Optimal operation of energy-intensive load considering electricity carbon market
Bowen Zhou,
Jianing Li,
Qihuitianbo Liu,
Guangdi Li,
Peng Gu,
Liaoyi Ning,
Zhenyu Wang
Affiliations
Bowen Zhou
College of Information Science and Engineering, Northeastern University, Shenyang, 110819, China; Key Laboratory of Integrated Energy Optimization and Secure Operation of Liaoning Province, Northeastern University, Shenyang, 110819, China; Corresponding author. College of Information Science and Engineering, Northeastern University, Shenyang, 110819, China.
Jianing Li
State Grid Changchun Electric Power Supply Company, Changchun, 130012, China
Qihuitianbo Liu
College of Information Science and Engineering, Northeastern University, Shenyang, 110819, China; Key Laboratory of Integrated Energy Optimization and Secure Operation of Liaoning Province, Northeastern University, Shenyang, 110819, China
Guangdi Li
College of Information Science and Engineering, Northeastern University, Shenyang, 110819, China; Key Laboratory of Integrated Energy Optimization and Secure Operation of Liaoning Province, Northeastern University, Shenyang, 110819, China
Peng Gu
College of Information Science and Engineering, Northeastern University, Shenyang, 110819, China; Key Laboratory of Integrated Energy Optimization and Secure Operation of Liaoning Province, Northeastern University, Shenyang, 110819, China
Liaoyi Ning
State Grid Liaoning Electric Power Supply Co., Ltd., Shenyang, 110006, China
Zhenyu Wang
State Grid Electric Power Research Institute, Wuhan Efficiency Evaluation Company Limited, Wuhan, 430072, China
Energy-intensive load benefits from low electricity tariff and carbon emission, since they occupy certain amounts in the total cost of the product.

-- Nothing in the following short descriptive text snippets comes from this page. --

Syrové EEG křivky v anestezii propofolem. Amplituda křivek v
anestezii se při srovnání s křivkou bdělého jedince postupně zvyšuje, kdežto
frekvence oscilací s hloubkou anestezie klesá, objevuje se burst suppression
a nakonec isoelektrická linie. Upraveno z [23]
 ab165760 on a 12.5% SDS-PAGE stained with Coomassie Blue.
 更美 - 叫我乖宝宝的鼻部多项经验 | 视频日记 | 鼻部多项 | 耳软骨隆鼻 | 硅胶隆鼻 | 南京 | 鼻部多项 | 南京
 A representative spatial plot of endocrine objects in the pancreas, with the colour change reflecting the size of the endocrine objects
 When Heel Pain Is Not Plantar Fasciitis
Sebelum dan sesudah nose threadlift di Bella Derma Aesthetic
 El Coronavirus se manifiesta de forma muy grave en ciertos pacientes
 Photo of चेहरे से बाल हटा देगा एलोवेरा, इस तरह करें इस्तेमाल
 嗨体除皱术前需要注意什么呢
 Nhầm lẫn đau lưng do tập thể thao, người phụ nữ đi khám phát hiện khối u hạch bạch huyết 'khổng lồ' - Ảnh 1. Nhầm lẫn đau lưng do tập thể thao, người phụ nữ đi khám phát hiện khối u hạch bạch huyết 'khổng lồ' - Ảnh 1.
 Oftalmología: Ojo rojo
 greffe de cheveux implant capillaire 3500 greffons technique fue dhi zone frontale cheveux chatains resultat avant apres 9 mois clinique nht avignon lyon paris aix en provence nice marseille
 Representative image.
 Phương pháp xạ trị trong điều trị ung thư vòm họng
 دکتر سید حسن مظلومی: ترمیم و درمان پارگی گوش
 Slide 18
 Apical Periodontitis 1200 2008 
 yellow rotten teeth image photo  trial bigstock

This paper considers energy-intensive load participation in the electricity as well as carbon trading to reduce the cost. Firstly, an electricity-carbon model is established based on the correlation value method to calculate the carbon emissions of energy-intensive load based on their electricity consumption to realize the carbon amount. Afterwards, the baseline method is used to allocate free carbon emission quotas to energy-intensive load and a reward-penalty carbon trading price mechanism considering offset is proposed. Next, the objective function to achieve maximum benefits, and to reduce output fluctuation, and to improve new energy accommodation is proposed. The case studies show that, by comparing multi-objective function optimization, the optimization target proposed in this paper can effectively reduce wind power output fluctuations and improve wind power accommodation. Through the total participation in carbon trading and electricity market income, multi-objective optimization can increase the system income while ensuring that energy-intensive load meets production requirements under the premise of reducing carbon emissions, verifying the effectiveness of the low-carbon optimal operation model proposed in this paper.